Then, just as abruptly, she turns nostalgic again, injecting a few sweet-flowing lines of the old Righteous Brothers hit, "Unchained Melody" before returning to the haunting, rhythmic drive of the main ballad.

This is my favorite on the LP, for its sensitivity and engaging melodic structure more than anything, but it's full of other gems which show a reawakening of Joni's pop craftsmanship like the upbeat, harmonic "Solid Love" and her cover of an obscure Leiber-Stoller rocker "(You're So Square) Baby I Don't Care."

The jazz influence is still occasionally evident, but tempered with instrumental hooks and pop structuring, as on "Moon at the Window," with its resilient bass lines, deft and strident guitar chording, playful soprano sax and brush percussion, and "Be Cool," one of her typically sexy slow-dancers, travels in much the same vein.

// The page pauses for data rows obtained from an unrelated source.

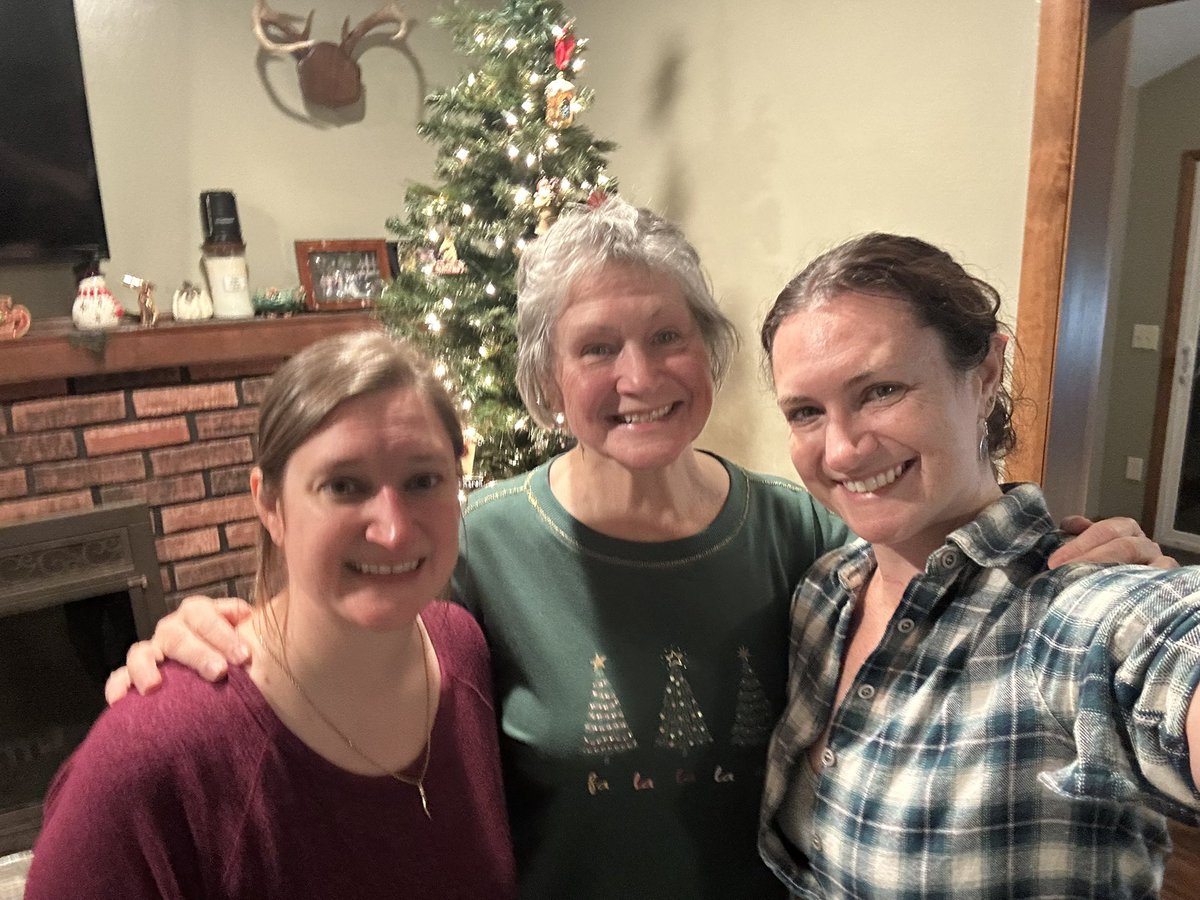 GarofaloWX's tweet photo. 💝December 25💝 My final gratitude post for this season truly intertwines with the meaning of Christmas. I had imagined my Christmas would look completely different this year; I thought I would be spending it with different people and doing different things...
#25daysofgratitude https://t.co/6OTtHgSWGl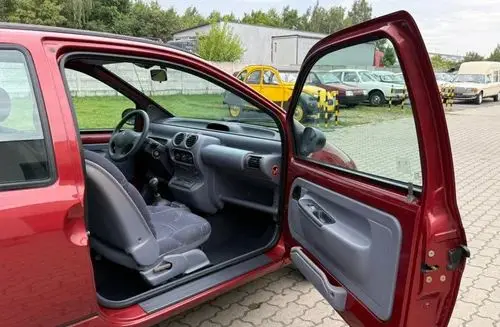 RENAULT Twingo 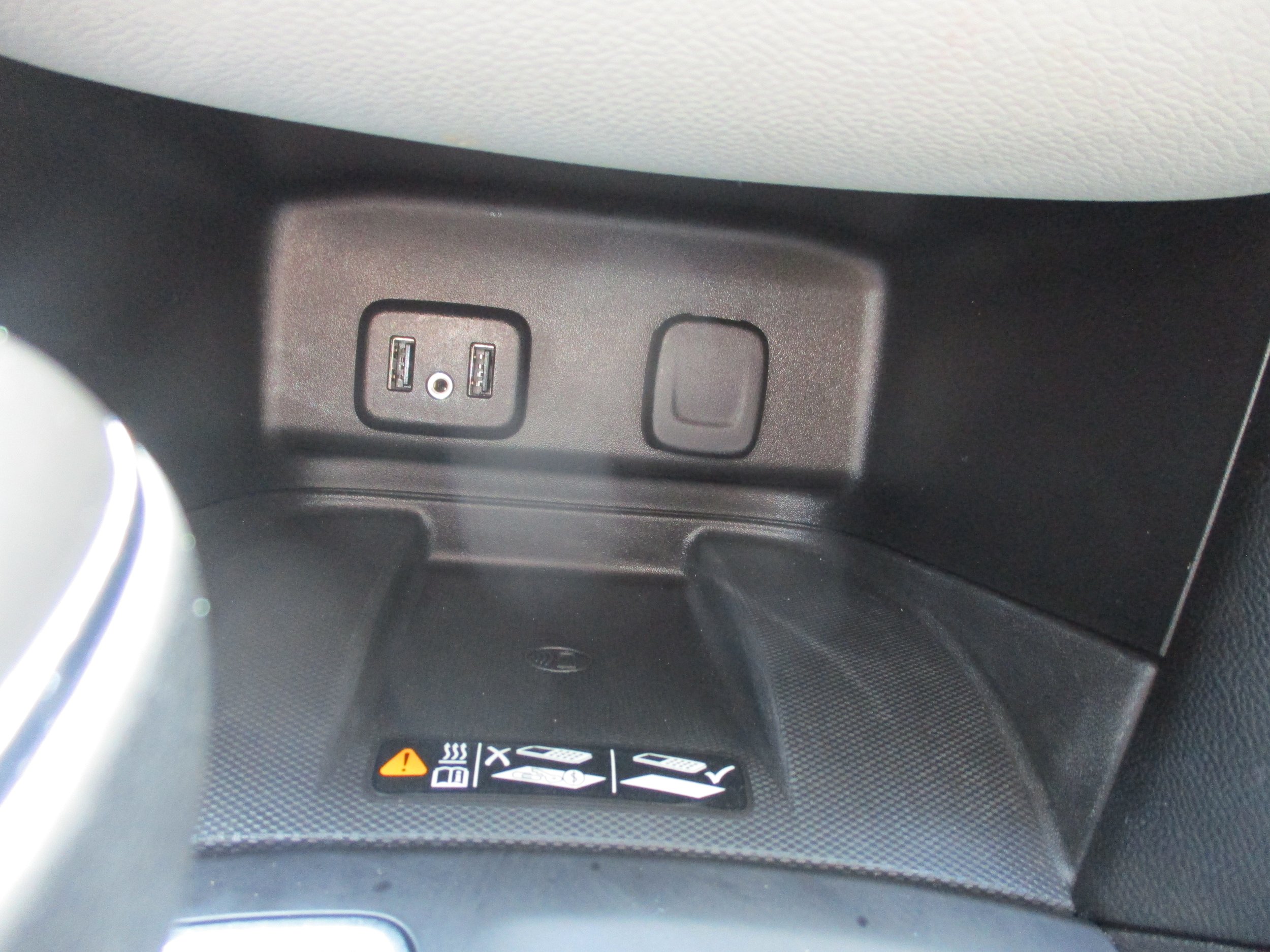 Used 2018 Chevrolet Equinox Premier FWD image 14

And there are other fine moments especially on "Love," a multi-planed rocker/ballad which incorporates into its lyrics the beautiful imagery of lines from the "love chapter" in II Corinthians.

I like a lot of the stuff from her oh-so-hip, jetset jazz period, but too many of those works were merely admirable-but-failed experiments. She's always been more adept in an inventive pop format, which this album proves. It's her best in years and it's nice to see her back.